“This is the second grant WATER has received from Patagonia. We are once again deeply thankful for this award,” stated WATER Board member Raven Stevens in a recent press release.
The Mount Shasta-based nonprofit We Advocate Thorough Environmental Review, commonly referred to as WATER, recently received a grant from Patagonia, an outdoor clothing and gear company that focuses on promoting environmentally and socially responsible business practices.
“This is the second grant WATER has received from Patagonia. We are once again deeply thankful for this award,” stated WATER Board member Raven Stevens in a recent press release. “We have had the Superior Court hearings for the lawsuits we filed against Siskiyou County and Crystal Geyser Water Company and against the City of Mount Shasta and Crystal Geyser Water Company. We are now awaiting the judge’s decision for both cases.”
The grant helps WATER pursue their efforts in appellate court if necessary, said WATER board vice president Frank Toriello, “and continue our work protecting the water of our region. The continued support of Patagonia is significantly helping our efforts to protect the resources and environmental health of our Northern California bioregion.”
WATER formed in 2013 after learning that Crystal Geyser Water Company planned to set up a beverage bottling operation on Ski Village Drive, just outside Mount Shasta’s city limits near the headwaters of the Sacramento River “without any environmental impact analysis and local agency oversight,” the release states.

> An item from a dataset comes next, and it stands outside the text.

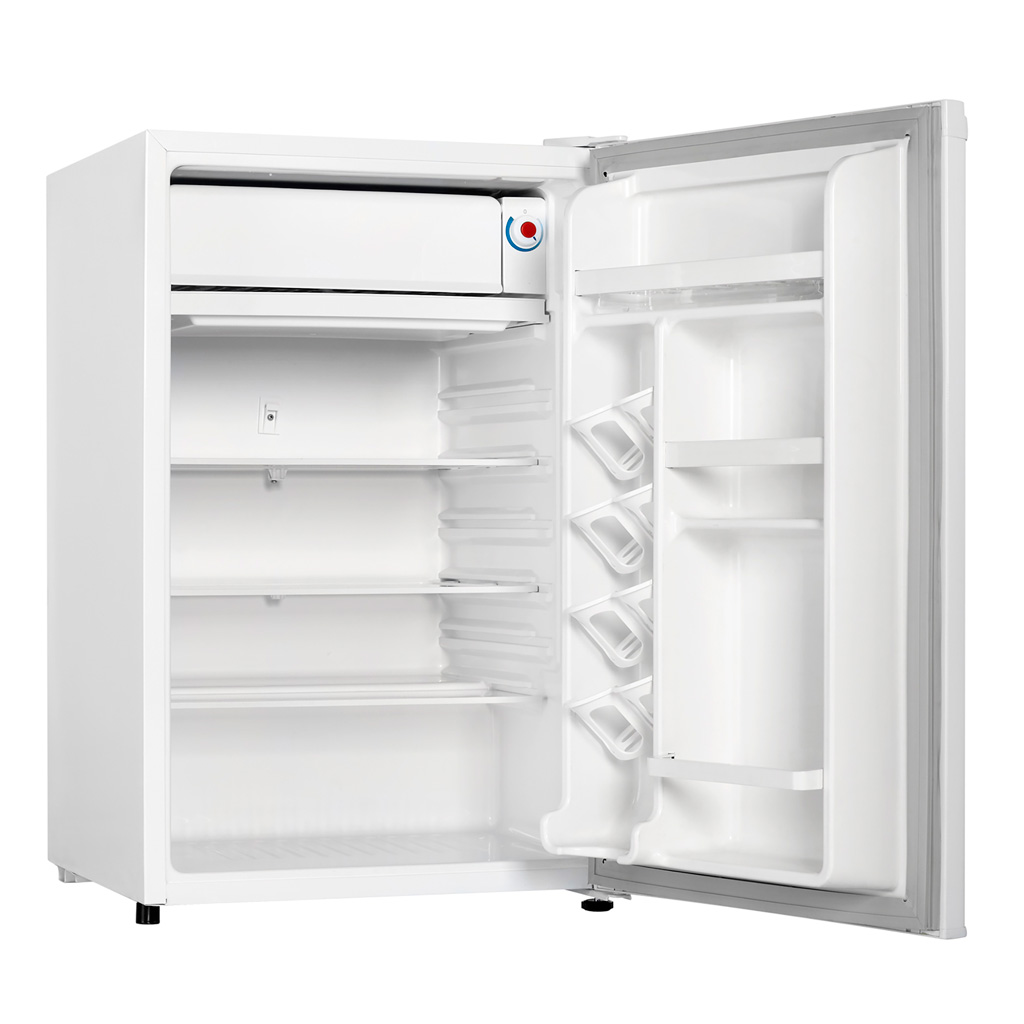 Danby Designer 4.4 cu. ft. Compact Refrigerator in White 3 Danby dcr044a2wdd empty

Working with the local community, WATER succeeded in demanding Siskiyou County prepare an environmental impact report as required by the California Environmental Quality Act. Although there was substantial public input into the EIR process pointing out the many flaws of the report, WATER alleged, it was approved by the county board of supervisors. WATER has challenged the validity of the EIR, filing law suits against Siskiyou County and the City of Mt. Shasta, both agencies they believe have responsibilities for project oversight.
WATER says its mission is to: 1) advocate preservation of natural resources and a healthy environment; 2) advocate long-range community planning and regenerative practices to protect all citizens and to promote a thriving community; 3) communicate these concerns to local government officials and agencies; 4) encourage community-wide participation through educating the public about these issues; 5) defend these issues with public interest litigation activities if necessary.
Appreciating “that all life on earth is under threat of extinction,” Patagonia’s grants program “supports innovative work that addresses the root causes of the environmental crisis and seeks to protect both the environment and affected communities ... encourages work that brings underrepresented communities to the forefront of the environmental movement and supports communities whose health and livelihoods are threatened by environmental exploitation,” and “supports multi-pronged campaigns that push for greater environmental protections and force the government to abide by its own laws,” as stated on its website.